Stored records

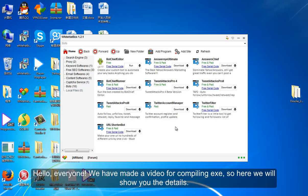Hello, everyone. We have made a video for compiling EXE, so here we will show you the details.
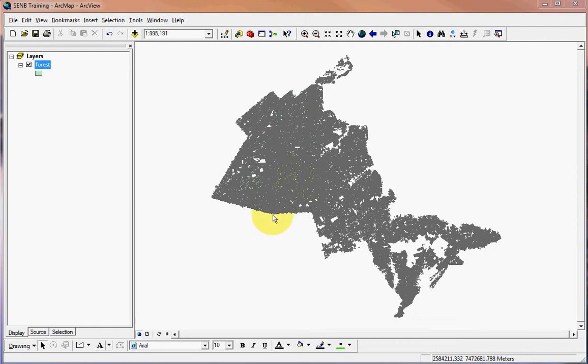In this exercise I'm going to show you how to select a subset of features from all of the features in a particular layer. We are working with the Southeastern New Brunswick Marketing Board's forest layer.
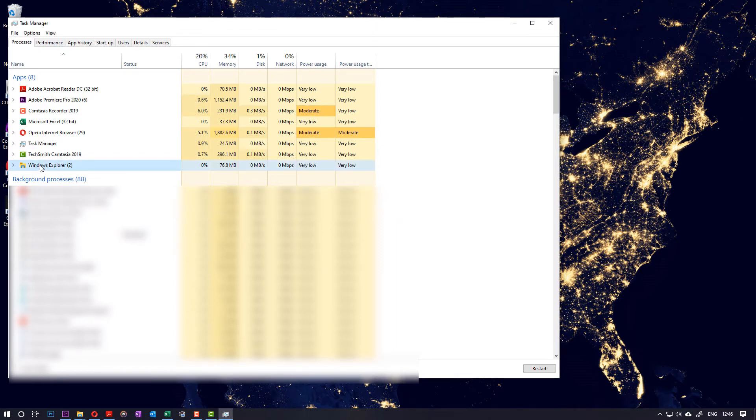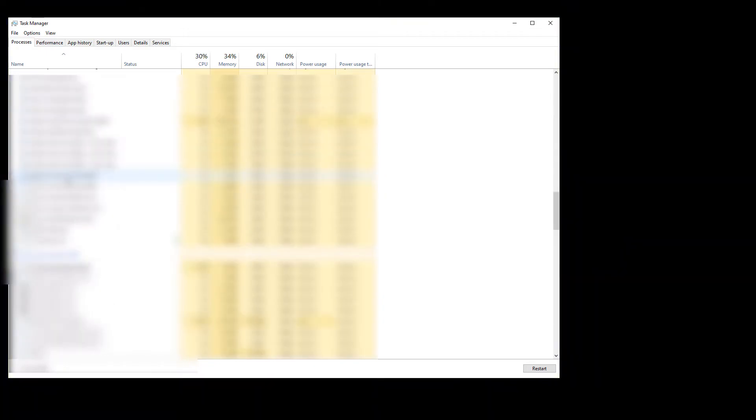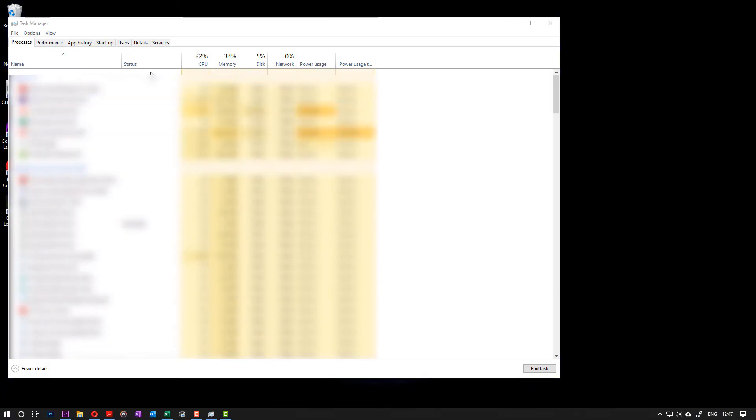You need to right-click on it and then select Restart. Once you restart Windows Explorer, you can close your Task Manager.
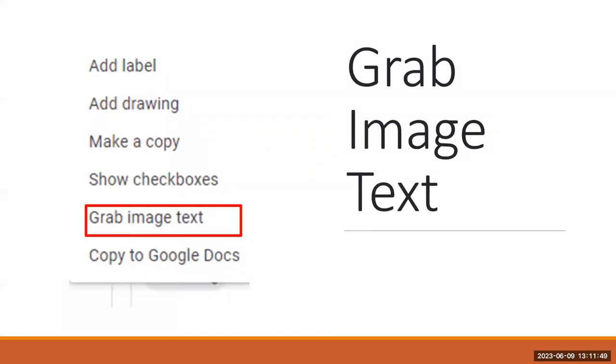Another feature you can use: you can take any image that has words on it and you can grab the image from the text. Grab image text is going to take that picture of the text and type it out for you in the note.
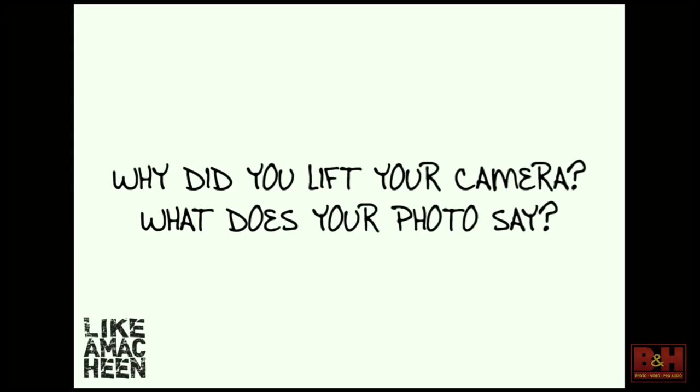Why did you lift your camera? What does your photo say? Does your photo say something, or is it just about the aesthetics? I don't think every photo has to say something. You could have just liked how that building looked and took a picture of it. Street photography is free-flowing. It's whatever you want to make it. It's an art form.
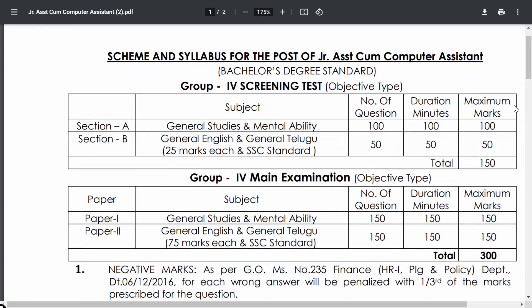This post belongs to the Group 4 cadre. The examination pattern has three stages: a Screening Test, followed by the Mains Examination, and then a Computer Proficiency Test. In the Screening Test, there are two sections. Section A is General Studies and Mental Ability with 100 questions, 100 marks, and a duration of 100 minutes. Each question carries one mark.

- _Instructions for the task_:
An exact, image-free transcription of all the records above is needed.

- _The completed task_:
Hello, everyone. We have made a video for compiling EXE, so here we will show you the details.
In this exercise I'm going to show you how to select a subset of features from all of the features in a particular layer. We are working with the Southeastern New Brunswick Marketing Board's forest layer.
You need to right-click on it and then select Restart. Once you restart Windows Explorer, you can close your Task Manager.
Another feature you can use: you can take any image that has words on it and you can grab the image from the text. Grab image text is going to take that picture of the text and type it out for you in the note.
Why did you lift your camera? What does your photo say? Does your photo say something, or is it just about the aesthetics? I don't think every photo has to say something. You could have just liked how that building looked and took a picture of it. Street photography is free-flowing. It's whatever you want to make it. It's an art form.
This post belongs to the Group 4 cadre. The examination pattern has three stages: a Screening Test, followed by the Mains Examination, and then a Computer Proficiency Test. In the Screening Test, there are two sections. Section A is General Studies and Mental Ability with 100 questions, 100 marks, and a duration of 100 minutes. Each question carries one mark.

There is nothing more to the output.